DATA EXTRACT
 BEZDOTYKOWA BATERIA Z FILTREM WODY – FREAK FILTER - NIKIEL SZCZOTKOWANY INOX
---
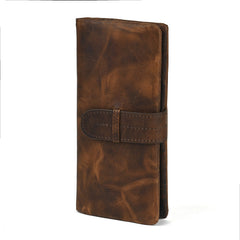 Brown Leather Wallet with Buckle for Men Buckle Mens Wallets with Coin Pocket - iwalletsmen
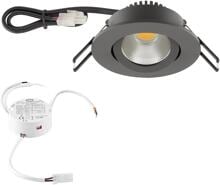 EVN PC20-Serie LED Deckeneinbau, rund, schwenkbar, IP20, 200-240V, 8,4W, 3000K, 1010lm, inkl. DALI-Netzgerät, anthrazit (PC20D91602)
==
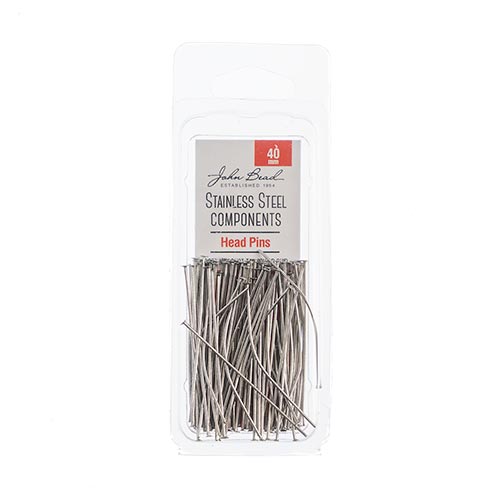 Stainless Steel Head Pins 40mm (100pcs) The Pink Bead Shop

WHAT YOU SHOULD DO
Beginning at the line above that contains "Brown Leather Wallet" and going on through the line that contains "EVN PC20-Serie LED", please copy every line exactly, leaving the pictures out and adding nothing.

WORKED SOLUTION
 Brown Leather Wallet with Buckle for Men Buckle Mens Wallets with Coin Pocket - iwalletsmen
 EVN PC20-Serie LED Deckeneinbau, rund, schwenkbar, IP20, 200-240V, 8,4W, 3000K, 1010lm, inkl. DALI-Netzgerät, anthrazit (PC20D91602)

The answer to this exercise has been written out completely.